When your service has two or more slots after the first deployment, you can skip the interactive prompt by setting an environment variable for the service you want to deploy.

Use the following format:

AZD_DEPLOY_<SERVICE_NAME>_SLOT_NAME

Build the variable name from the service name in azure.yaml by using uppercase and replacing hyphens with underscores.

For example, if your service is named my-api, use AZD_DEPLOY_MY_API_SLOT_NAME.

azd env set AZD_DEPLOY_MY_API_SLOT_NAME staging
azd deploy my-api

You can store this value in your azd environment by using azd env set, or define it directly in your CI system before running azd deploy.

If your service has exactly one slot, azd ignores the environment variable because there is only one possible deployment target.

If your service has two or more slots and the environment variable isn't set, azd prompts you to choose a slot.

CI and noninteractive behavior

When you run azd deploy --no-prompt or deploy from CI, slot selection behaves differently depending on how many slots are available:

Slots Environment variable behavior Result
0 Not applicable. azd deploys to the main app.
1 Ignored. azd deploys to the only slot.
2+ Required to avoid prompting. azd deploys to the specified slot, or fails if no slot can be selected.

If you automate deployments for an App Service that has two or more slots, set AZD_DEPLOY_<SERVICE_NAME>_SLOT_NAME in the pipeline environment before running azd deploy.

Swap Azure App Service deployment slots

Use the azure.appservice extension to swap slots after validation. If the extension isn't already installed, azd prompts you to install it the first time you run the command.

Run the interactive experience:

azd appservice swap

If only one nonproduction slot exists, azd skips the prompts and swaps directly with production.

For automation, specify the source and destination slots explicitly. Use @main to reference the production slot.

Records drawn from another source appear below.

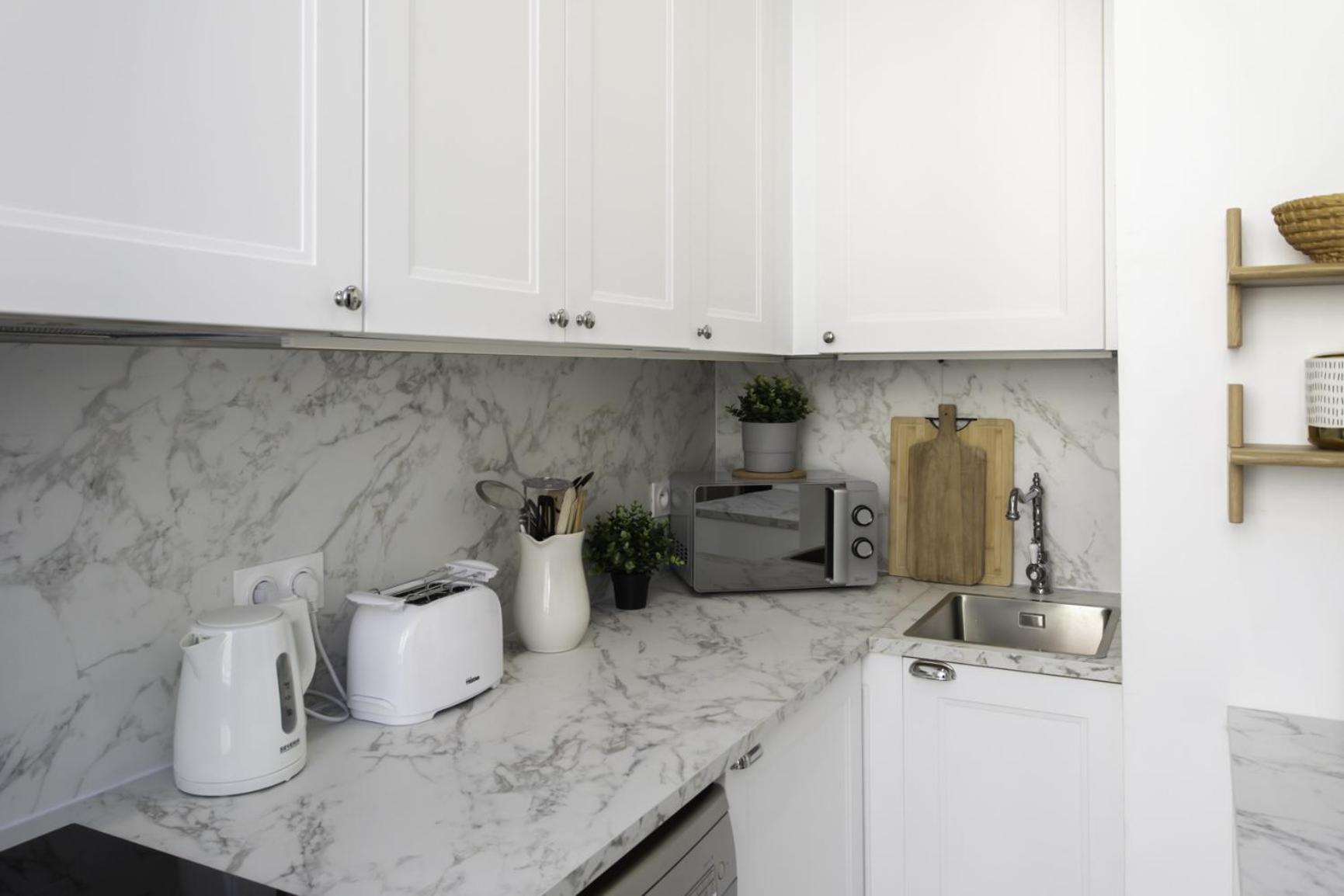 #59 Staywiz Us - Duplex Massena 1 Bdr Ac - 5 Mins Walk To Sea Apartment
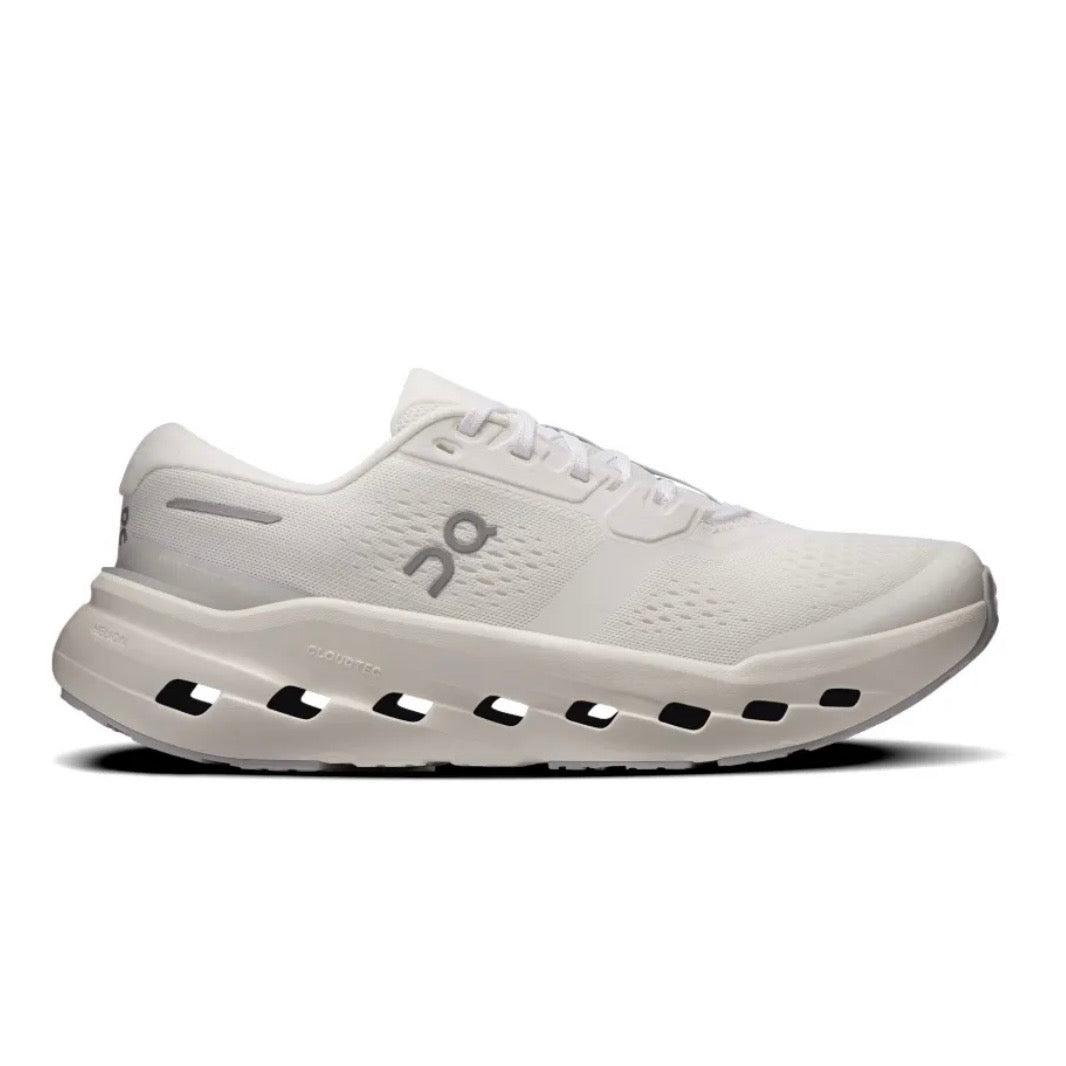 On Cloudrunner 3 White - high-performance athletic footwear in White with advanced cushioning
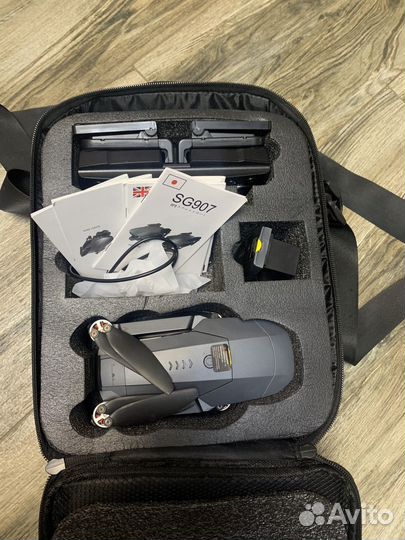 Квадрокоптер SG907 MAX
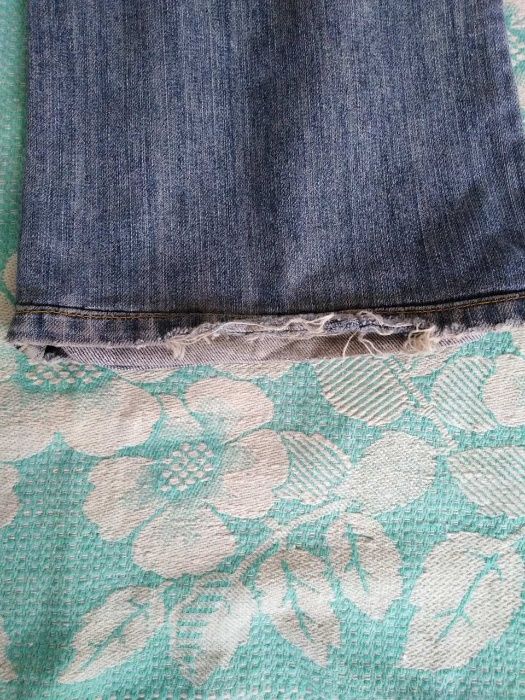 Джинсы бедровки с низкой посадкой модные брендовые WAGOON Paris обмен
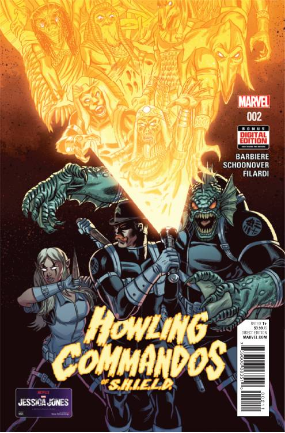 Howling Commandos of S.H.I.E.L.D. # 2 (Marvel Comics 2015) Howling Commandos of S.H.I.E.L.D. # 2 (Marvel Comics 2015)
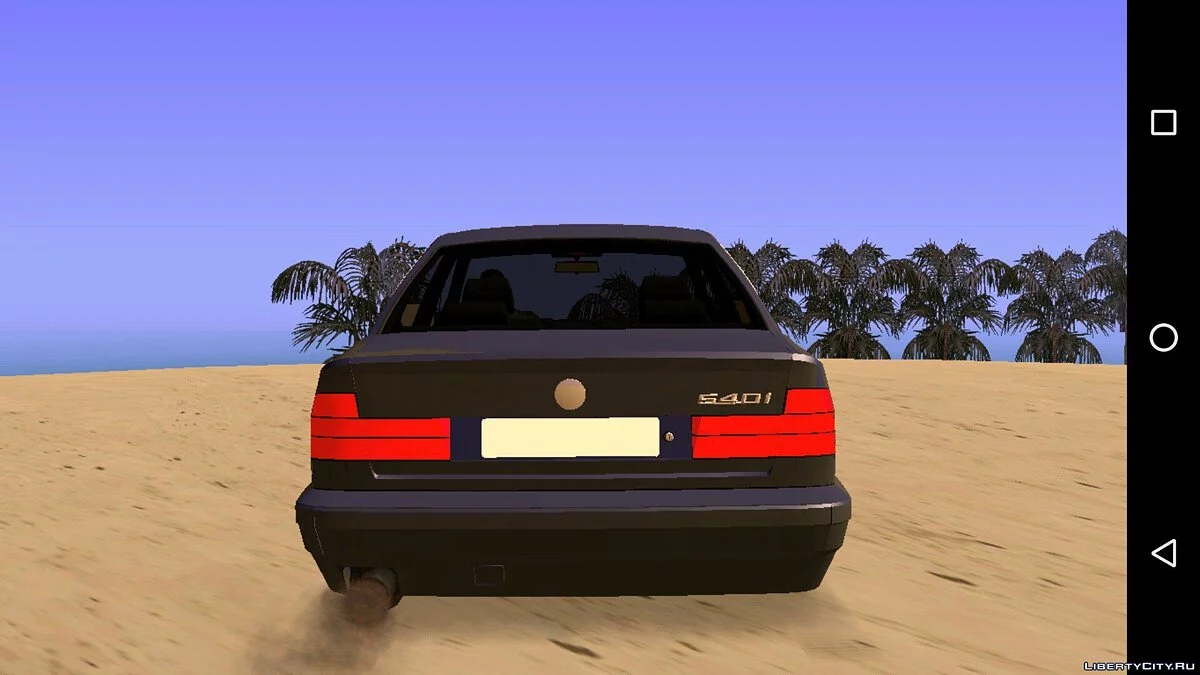BMW M5 E34 (тільки DFF) / GTA San Andreas (iOS, Android)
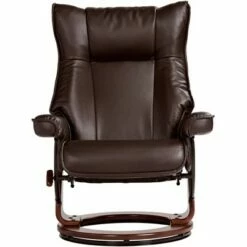 BenchMaster Java Swivel Ottoman Faux Leather Recliner Chair Modern Armchair Ergonomic Push Manual Reclining Bedroom Living Room 15 BenchMaster Java Swivel Ottoman Faux Leather Recliner Chair Modern Armchair Ergonomic Push Manual Reclining Bedroom Living Room -Living Room Chairs store unnamed file 12232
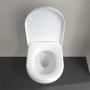 Унитаз подвесной Villeroy&Boch Architectura 5684CL01 с крышкой Soft Close и смывом Twistflush, белый глянец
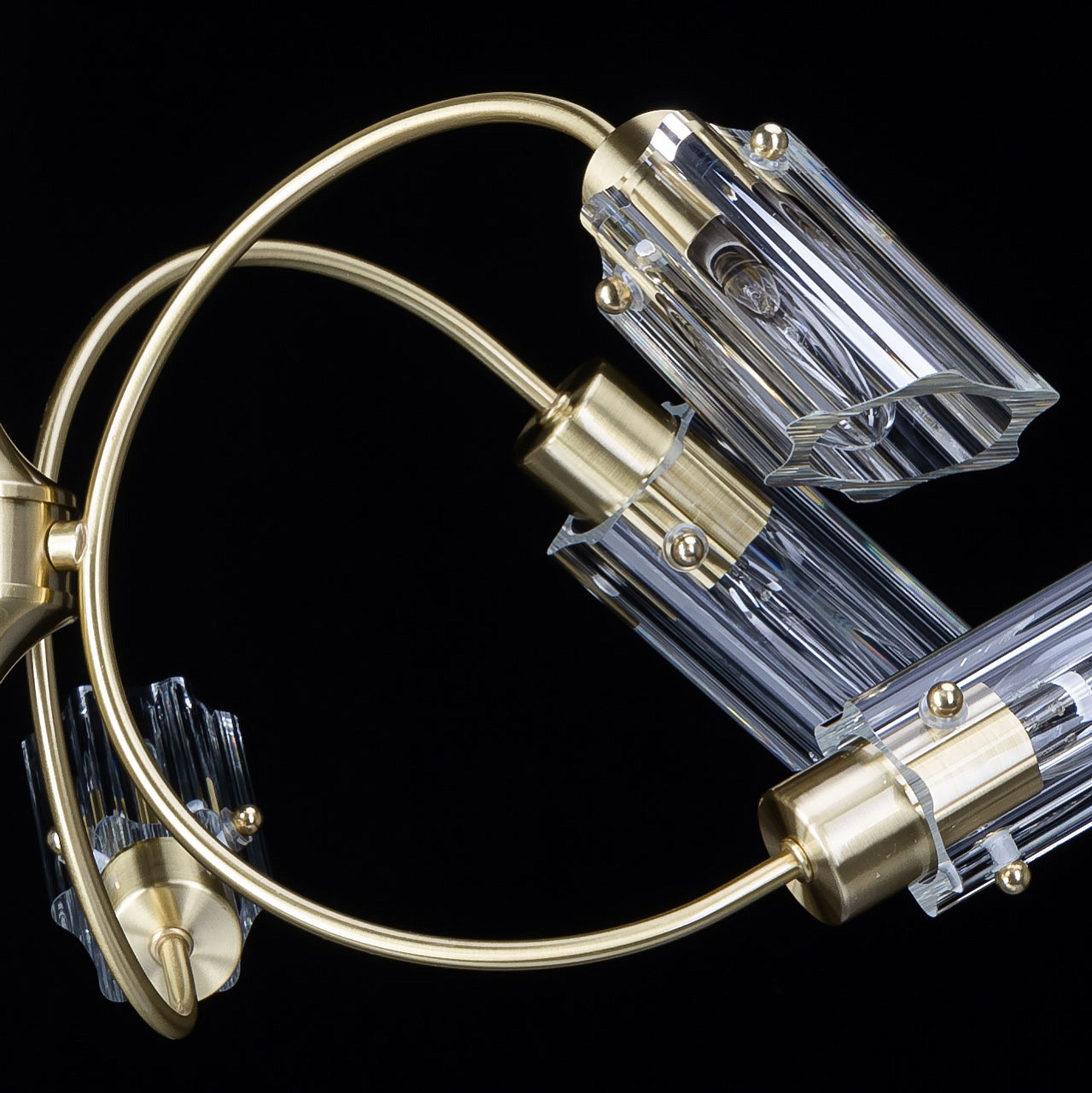 Люстра на штанге MW-Light Олимпия 106011208 в Москве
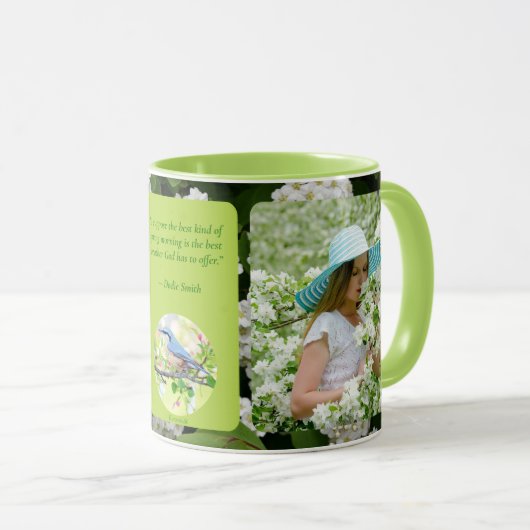 Mugg — Summer Tasse (VorderseiteRechts)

azd appservice swap --src staging --dst @main
azd appservice swap --src @main --dst staging
azd appservice swap --service myapi --src staging --dst @main

Use these patterns to support common release flows:

  • Promote a validated staging deployment to production with --src staging --dst @main.
  • Roll back by swapping production back into the staging slot with --src @main --dst staging.
  • Target a specific App Service-backed service in a multiservice azd project with --service.

Swapping is the intended path for updating production after slots are configured. Use azd deploy to update a slot, then use azd appservice swap to promote that slot into production.

  1. Define one or more App Service deployment slots in your Bicep templates.
  2. Provision the App Service resources by using azd provision or azd up.
  3. Let the first deployment establish a baseline on the main app and every slot.
  4. Deploy later application updates to a staging slot by setting AZD_DEPLOY_<SERVICE_NAME>_SLOT_NAME when you have two or more slots, or by selecting the slot when prompted.
  5. Validate the staged deployment.
  6. Run azd appservice swap --src <slot> --dst @main to promote the release.
  7. If needed, run the reverse swap to roll back.